D.5 Right to restriction of processing
You have the right to request restriction of the processing of your personal data in cases where:
- you contest the accuracy of your personal data; in this case, you may request a restriction of processing until the accuracy of the personal data has been verified;
- the processing is contrary to the law and instead of erasure, you request a restriction of the processing of personal data;
- we no longer need your personal data for the purposes for which it was collected or processed, but you require it for the establishment, exercise, or defense of legal claims;
- you have objected to the processing of your personal data; in this case, you may request a restriction of processing until it is verified that our legitimate interests prevail.
D.6 Right to portability
You have the right to obtain a copy of your personal data that we process by automated means on the basis of your consent or for the performance of a contract. We will transmit this data in a commonly used and machine-readable format to you or to a controller designated by you, if technically feasible. The scope of the data provided may be limited so as not to interfere with the rights and freedoms of others.
D.7 Right to object
You have the right to object to the processing of your personal data that we process on the basis of our legitimate interest. We will stop processing your data if there are no other overriding reasons for processing or if the processing is not necessary for the establishment, exercise, or defense of legal claims or if you object to processing for direct marketing purposes. Specific rule will apply when you object to newsletters. In this case, we will stop sending you such newsletters.
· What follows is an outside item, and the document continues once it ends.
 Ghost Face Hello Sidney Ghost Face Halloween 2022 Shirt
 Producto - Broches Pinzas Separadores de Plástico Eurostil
E. RIGHT TO FILE A COMPLAINT
In addition to the possibility of exercising your rights with our company, you can also file a complaint with the relevant supervisory authority, which is the Office for Personal Data Protection located at Pplk. Sochora 27, 170 00 Prague 7.
F. CHANGES TO THIS INFORMATION
This Privacy Policy is effective as of 19.05.2025. We are entitled to change this Privacy Policy from time to time, so please check it regularly. We will post any changes to this document on our Website.